Pembaretan PNS Lapas Perempuan Kelas IIA Tangerang, Momentum Awal Pengabdian


Cilegon, 31 Agustus 2026 — Sebanyak 7 orang Pegawai Negeri Sipil (PNS) Lapas Perempuan Kelas IIA Tangerang Tahun 2024 mengikuti rangkaian Kegiatan Peningkatan Kapasitas SDM, Prosesi Pembaretan, serta Pelantikan dan Pengambilan Sumpah/Janji Pegawai Negeri Sipil. Kegiatan berlangsung dengan penuh semangat sekaligus mengharukan, menjadi momentum penting bagi para pegawai dalam mengawali perjalanan pengabdian sebagai abdi negara.

Rangkaian kegiatan dimulai sejak pagi hari dengan pelaksanaan Samapta dan Longmarch yang diikuti para peserta. Kegiatan tersebut menjadi bagian dari pembentukan mental, kedisiplinan, ketangguhan, serta kesiapan dalam menjalankan tugas sebagai insan Pemasyarakatan.

Memasuki sore hari, rangkaian dilanjutkan dengan prosesi pembaretan. Suasana haru semakin terasa ketika para pegawai menjalani tradisi penyiraman air dan mencium Bendera Merah Putih sebagai simbol kecintaan kepada Tanah Air, kesetiaan terhadap negara, serta komitmen untuk mengemban amanah dan melaksanakan tugas dengan penuh integritas.

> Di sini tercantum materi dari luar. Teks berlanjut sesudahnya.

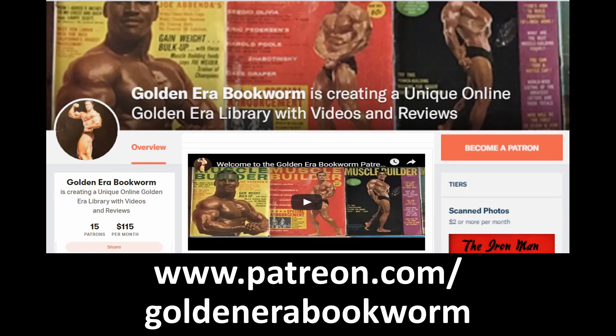Become a patron at www.patreon.com/goldenerabookworm for hard-to-find books, scans of rare photos, and articles on the golden era of bodybuilding.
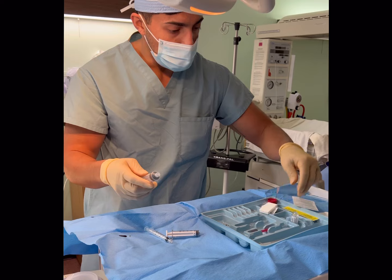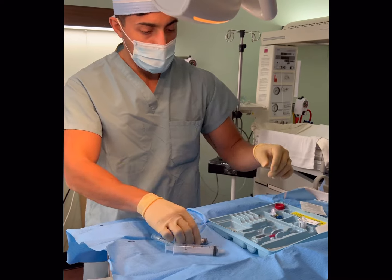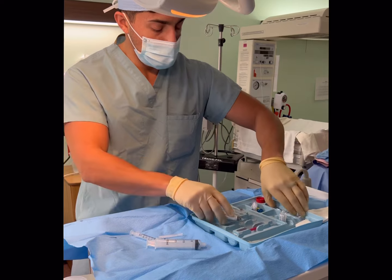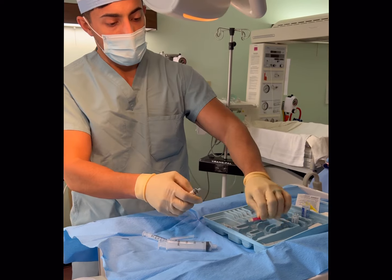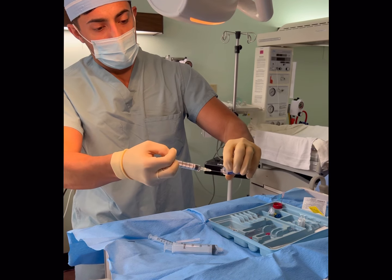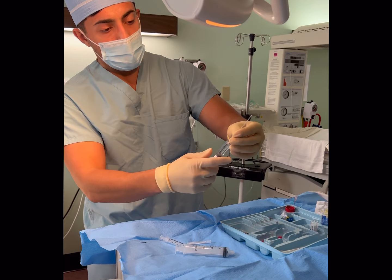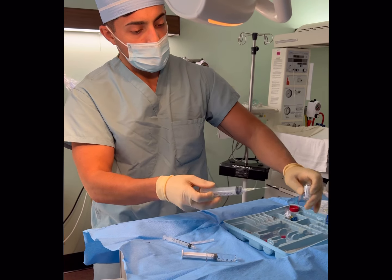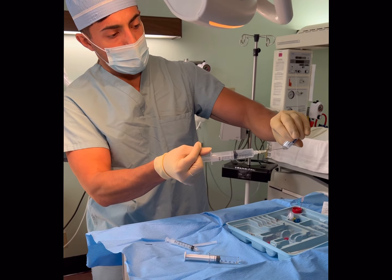It looks like this kit did not have a test dose, so I'll have to draw that up — no worries. Let me put some saline in here. This is a filter needle. I'll put some saline into my loss of resistance syringe. I like to use saline; I don't really like to use air. We'll put the leftover lidocaine in here and use that as the start of the test dose, but we'll need to add epi to make sure we're not in a vessel.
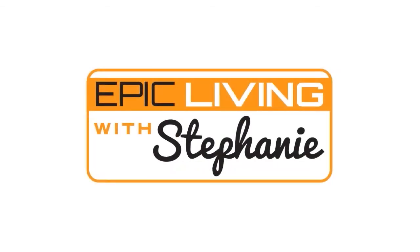Hi guys, welcome to Epic Living with Stephanie. This is sort of like a part two video. I made a video on how to make almond milk, and I wanted to show you guys how you can use the almond meal left from the milk in a different recipe. So we're going to make almond butter with the almond meal we have left behind.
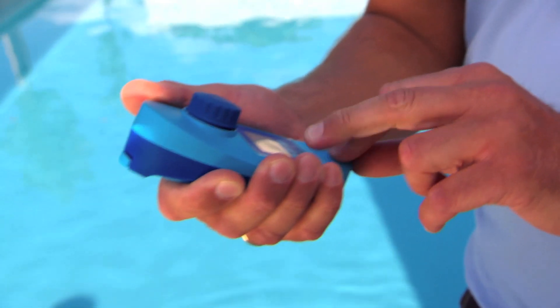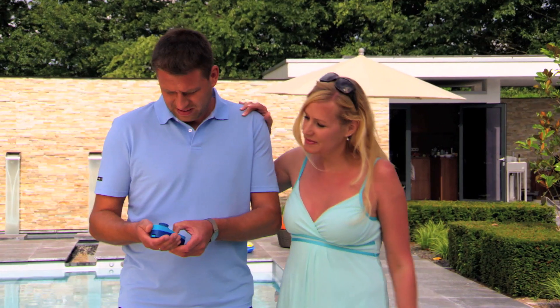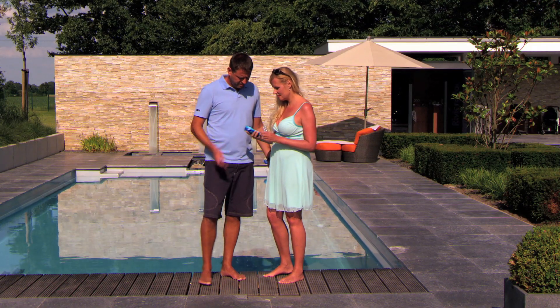The fun in the pool comes from alone. Die Wasserqualität überlassen wir nicht dem Zufall. Mit unserem Scuba Pool Tester messen wir selbst. Das geht wirklich ganz einfach.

Momentum semakin istimewa dengan diterimanya Surat Keputusan (SK) PNS sebagai tanda resmi dimulainya pengabdian mereka sebagai Pegawai Negeri Sipil.

Kebahagiaan tersebut turut disaksikan oleh orang tua masing-masing pegawai yang hadir secara langsung. Kehadiran orang tua menjadi bagian yang tidak terpisahkan dari momentum bersejarah tersebut. Prosesi kemudian dilanjutkan dengan sungkeman kepada orang tua, menghadirkan suasana haru, bangga, dan bahagia atas pencapaian yang telah diraih setelah melalui berbagai proses dan perjuangan.

Kepala Lapas Perempuan Kelas IIA Tangerang turut hadir dalam kegiatan tersebut untuk memberikan dukungan dan apresiasi kepada para pegawai yang telah resmi menjadi PNS. Dalam kesempatan tersebut, Kalapas menyampaikan ucapan selamat sekaligus pesan agar para pegawai menjadikan momentum ini sebagai awal dari pengabdian yang sesungguhnya.

“Ini adalah awal pengabdian yang sesungguhnya. Menjadi PNS merupakan amanah untuk mengabdi kepada negara dan menjaga nama baik institusi. Jalankan tugas dengan penuh tanggung jawab, integritas, dan dedikasi,” pesan Kalapas.

Sementara itu, Kepala Kantor Wilayah Direktorat Jenderal Pemasyarakatan Banten, Lili, dalam amanatnya menekankan pentingnya menjaga integritas dan kehormatan sebagai seorang aparatur negara. Ia mengingatkan agar para pegawai tidak pernah mempertukarkan integritas dengan kepentingan sesaat.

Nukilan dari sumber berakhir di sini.